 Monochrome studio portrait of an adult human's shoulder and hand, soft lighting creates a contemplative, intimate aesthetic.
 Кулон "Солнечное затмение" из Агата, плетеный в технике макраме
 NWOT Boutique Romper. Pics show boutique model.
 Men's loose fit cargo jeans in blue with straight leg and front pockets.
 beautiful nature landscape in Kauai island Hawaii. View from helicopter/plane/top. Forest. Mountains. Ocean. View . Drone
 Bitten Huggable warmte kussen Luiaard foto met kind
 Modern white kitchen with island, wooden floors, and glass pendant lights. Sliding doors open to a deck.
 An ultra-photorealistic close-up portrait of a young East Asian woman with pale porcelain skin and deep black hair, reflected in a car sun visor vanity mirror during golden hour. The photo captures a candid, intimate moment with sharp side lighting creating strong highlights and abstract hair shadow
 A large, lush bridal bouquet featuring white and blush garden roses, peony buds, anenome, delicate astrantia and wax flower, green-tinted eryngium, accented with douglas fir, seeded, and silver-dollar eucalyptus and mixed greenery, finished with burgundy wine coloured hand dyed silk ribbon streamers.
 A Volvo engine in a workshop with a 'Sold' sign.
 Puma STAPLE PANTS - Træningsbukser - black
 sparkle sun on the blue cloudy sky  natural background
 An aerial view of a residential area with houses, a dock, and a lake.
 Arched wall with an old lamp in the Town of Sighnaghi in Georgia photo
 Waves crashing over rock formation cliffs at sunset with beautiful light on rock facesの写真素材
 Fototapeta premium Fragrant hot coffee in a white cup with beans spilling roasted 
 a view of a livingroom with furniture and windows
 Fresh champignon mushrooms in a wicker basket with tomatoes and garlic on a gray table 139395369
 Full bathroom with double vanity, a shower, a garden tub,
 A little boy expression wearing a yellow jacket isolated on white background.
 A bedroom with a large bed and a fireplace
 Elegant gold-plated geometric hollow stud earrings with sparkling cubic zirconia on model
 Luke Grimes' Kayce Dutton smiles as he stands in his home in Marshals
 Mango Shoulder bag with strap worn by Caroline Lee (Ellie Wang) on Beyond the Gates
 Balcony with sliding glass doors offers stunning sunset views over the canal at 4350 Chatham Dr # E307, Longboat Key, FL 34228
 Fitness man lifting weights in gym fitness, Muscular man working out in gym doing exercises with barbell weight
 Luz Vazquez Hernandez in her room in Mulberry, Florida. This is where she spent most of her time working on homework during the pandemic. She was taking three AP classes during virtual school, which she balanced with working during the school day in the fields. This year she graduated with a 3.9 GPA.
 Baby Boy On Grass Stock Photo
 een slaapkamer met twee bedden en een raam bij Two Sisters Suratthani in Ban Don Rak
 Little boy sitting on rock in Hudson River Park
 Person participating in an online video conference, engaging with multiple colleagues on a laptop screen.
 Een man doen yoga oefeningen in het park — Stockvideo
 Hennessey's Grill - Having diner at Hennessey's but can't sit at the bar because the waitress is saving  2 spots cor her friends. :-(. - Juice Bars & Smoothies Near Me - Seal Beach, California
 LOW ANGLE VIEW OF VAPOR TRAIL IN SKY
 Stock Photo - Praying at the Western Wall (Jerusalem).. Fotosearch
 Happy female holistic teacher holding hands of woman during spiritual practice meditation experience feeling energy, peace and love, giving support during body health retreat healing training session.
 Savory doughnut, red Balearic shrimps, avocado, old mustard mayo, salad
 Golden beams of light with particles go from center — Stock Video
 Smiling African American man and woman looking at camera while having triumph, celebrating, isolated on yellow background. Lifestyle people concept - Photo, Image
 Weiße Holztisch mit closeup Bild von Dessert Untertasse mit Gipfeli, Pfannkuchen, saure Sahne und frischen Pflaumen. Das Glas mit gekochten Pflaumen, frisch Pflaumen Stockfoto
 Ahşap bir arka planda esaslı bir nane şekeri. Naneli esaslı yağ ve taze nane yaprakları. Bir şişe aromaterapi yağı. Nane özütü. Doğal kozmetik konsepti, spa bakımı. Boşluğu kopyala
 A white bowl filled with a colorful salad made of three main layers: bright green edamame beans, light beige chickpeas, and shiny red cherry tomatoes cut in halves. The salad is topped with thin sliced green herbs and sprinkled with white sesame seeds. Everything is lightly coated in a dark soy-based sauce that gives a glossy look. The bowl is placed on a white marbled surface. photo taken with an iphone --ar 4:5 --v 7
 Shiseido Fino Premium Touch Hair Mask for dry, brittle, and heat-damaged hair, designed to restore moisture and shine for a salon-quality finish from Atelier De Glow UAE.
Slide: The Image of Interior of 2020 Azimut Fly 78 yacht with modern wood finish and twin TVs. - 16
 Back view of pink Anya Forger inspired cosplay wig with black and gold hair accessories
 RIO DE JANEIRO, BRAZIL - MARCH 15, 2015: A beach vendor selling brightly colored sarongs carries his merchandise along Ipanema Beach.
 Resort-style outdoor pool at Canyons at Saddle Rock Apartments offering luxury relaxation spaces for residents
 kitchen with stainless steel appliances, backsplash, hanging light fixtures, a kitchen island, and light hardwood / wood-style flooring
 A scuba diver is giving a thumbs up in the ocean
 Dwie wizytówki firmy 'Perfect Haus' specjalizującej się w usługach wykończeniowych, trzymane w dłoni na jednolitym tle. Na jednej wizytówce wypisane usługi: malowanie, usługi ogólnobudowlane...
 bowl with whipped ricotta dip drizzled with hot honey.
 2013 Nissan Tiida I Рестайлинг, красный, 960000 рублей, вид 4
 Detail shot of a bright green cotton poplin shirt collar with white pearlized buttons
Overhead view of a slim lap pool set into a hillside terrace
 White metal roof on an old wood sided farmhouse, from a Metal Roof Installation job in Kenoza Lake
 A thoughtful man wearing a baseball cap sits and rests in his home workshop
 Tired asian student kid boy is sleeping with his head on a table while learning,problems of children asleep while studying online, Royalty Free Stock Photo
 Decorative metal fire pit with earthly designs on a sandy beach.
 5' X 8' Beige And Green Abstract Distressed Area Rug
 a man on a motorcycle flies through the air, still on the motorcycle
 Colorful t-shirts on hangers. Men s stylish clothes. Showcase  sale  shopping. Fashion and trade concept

• WORK REQUIRED: Your response should consist of the data above, duplicated exactly.

• RESPONSE AREA:
 Monochrome studio portrait of an adult human's shoulder and hand, soft lighting creates a contemplative, intimate aesthetic.
 Кулон "Солнечное затмение" из Агата, плетеный в технике макраме
 NWOT Boutique Romper. Pics show boutique model.
 Men's loose fit cargo jeans in blue with straight leg and front pockets.
 beautiful nature landscape in Kauai island Hawaii. View from helicopter/plane/top. Forest. Mountains. Ocean. View . Drone
 Bitten Huggable warmte kussen Luiaard foto met kind
 Modern white kitchen with island, wooden floors, and glass pendant lights. Sliding doors open to a deck.
 An ultra-photorealistic close-up portrait of a young East Asian woman with pale porcelain skin and deep black hair, reflected in a car sun visor vanity mirror during golden hour. The photo captures a candid, intimate moment with sharp side lighting creating strong highlights and abstract hair shadow
 A large, lush bridal bouquet featuring white and blush garden roses, peony buds, anenome, delicate astrantia and wax flower, green-tinted eryngium, accented with douglas fir, seeded, and silver-dollar eucalyptus and mixed greenery, finished with burgundy wine coloured hand dyed silk ribbon streamers.
 A Volvo engine in a workshop with a 'Sold' sign.
 Puma STAPLE PANTS - Træningsbukser - black
 sparkle sun on the blue cloudy sky  natural background
 An aerial view of a residential area with houses, a dock, and a lake.
 Arched wall with an old lamp in the Town of Sighnaghi in Georgia photo
 Waves crashing over rock formation cliffs at sunset with beautiful light on rock facesの写真素材
 Fototapeta premium Fragrant hot coffee in a white cup with beans spilling roasted 
 a view of a livingroom with furniture and windows
 Fresh champignon mushrooms in a wicker basket with tomatoes and garlic on a gray table 139395369
 Full bathroom with double vanity, a shower, a garden tub,
 A little boy expression wearing a yellow jacket isolated on white background.
 A bedroom with a large bed and a fireplace
 Elegant gold-plated geometric hollow stud earrings with sparkling cubic zirconia on model
 Luke Grimes' Kayce Dutton smiles as he stands in his home in Marshals
 Mango Shoulder bag with strap worn by Caroline Lee (Ellie Wang) on Beyond the Gates
 Balcony with sliding glass doors offers stunning sunset views over the canal at 4350 Chatham Dr # E307, Longboat Key, FL 34228
 Fitness man lifting weights in gym fitness, Muscular man working out in gym doing exercises with barbell weight
 Luz Vazquez Hernandez in her room in Mulberry, Florida. This is where she spent most of her time working on homework during the pandemic. She was taking three AP classes during virtual school, which she balanced with working during the school day in the fields. This year she graduated with a 3.9 GPA.
 Baby Boy On Grass Stock Photo
 een slaapkamer met twee bedden en een raam bij Two Sisters Suratthani in Ban Don Rak
 Little boy sitting on rock in Hudson River Park
 Person participating in an online video conference, engaging with multiple colleagues on a laptop screen.
 Een man doen yoga oefeningen in het park — Stockvideo
 Hennessey's Grill - Having diner at Hennessey's but can't sit at the bar because the waitress is saving  2 spots cor her friends. :-(. - Juice Bars & Smoothies Near Me - Seal Beach, California
 LOW ANGLE VIEW OF VAPOR TRAIL IN SKY
 Stock Photo - Praying at the Western Wall (Jerusalem).. Fotosearch
 Happy female holistic teacher holding hands of woman during spiritual practice meditation experience feeling energy, peace and love, giving support during body health retreat healing training session.
 Savory doughnut, red Balearic shrimps, avocado, old mustard mayo, salad
 Golden beams of light with particles go from center — Stock Video
 Smiling African American man and woman looking at camera while having triumph, celebrating, isolated on yellow background. Lifestyle people concept - Photo, Image
 Weiße Holztisch mit closeup Bild von Dessert Untertasse mit Gipfeli, Pfannkuchen, saure Sahne und frischen Pflaumen. Das Glas mit gekochten Pflaumen, frisch Pflaumen Stockfoto
 Ahşap bir arka planda esaslı bir nane şekeri. Naneli esaslı yağ ve taze nane yaprakları. Bir şişe aromaterapi yağı. Nane özütü. Doğal kozmetik konsepti, spa bakımı. Boşluğu kopyala
 A white bowl filled with a colorful salad made of three main layers: bright green edamame beans, light beige chickpeas, and shiny red cherry tomatoes cut in halves. The salad is topped with thin sliced green herbs and sprinkled with white sesame seeds. Everything is lightly coated in a dark soy-based sauce that gives a glossy look. The bowl is placed on a white marbled surface. photo taken with an iphone --ar 4:5 --v 7
 Shiseido Fino Premium Touch Hair Mask for dry, brittle, and heat-damaged hair, designed to restore moisture and shine for a salon-quality finish from Atelier De Glow UAE.
Slide: The Image of Interior of 2020 Azimut Fly 78 yacht with modern wood finish and twin TVs. - 16
 Back view of pink Anya Forger inspired cosplay wig with black and gold hair accessories
 RIO DE JANEIRO, BRAZIL - MARCH 15, 2015: A beach vendor selling brightly colored sarongs carries his merchandise along Ipanema Beach.
 Resort-style outdoor pool at Canyons at Saddle Rock Apartments offering luxury relaxation spaces for residents
 kitchen with stainless steel appliances, backsplash, hanging light fixtures, a kitchen island, and light hardwood / wood-style flooring
 A scuba diver is giving a thumbs up in the ocean
 Dwie wizytówki firmy 'Perfect Haus' specjalizującej się w usługach wykończeniowych, trzymane w dłoni na jednolitym tle. Na jednej wizytówce wypisane usługi: malowanie, usługi ogólnobudowlane...
 bowl with whipped ricotta dip drizzled with hot honey.
 2013 Nissan Tiida I Рестайлинг, красный, 960000 рублей, вид 4
 Detail shot of a bright green cotton poplin shirt collar with white pearlized buttons
Overhead view of a slim lap pool set into a hillside terrace
 White metal roof on an old wood sided farmhouse, from a Metal Roof Installation job in Kenoza Lake
 A thoughtful man wearing a baseball cap sits and rests in his home workshop
 Tired asian student kid boy is sleeping with his head on a table while learning,problems of children asleep while studying online, Royalty Free Stock Photo
 Decorative metal fire pit with earthly designs on a sandy beach.
 5' X 8' Beige And Green Abstract Distressed Area Rug
 a man on a motorcycle flies through the air, still on the motorcycle
 Colorful t-shirts on hangers. Men s stylish clothes. Showcase  sale  shopping. Fashion and trade concept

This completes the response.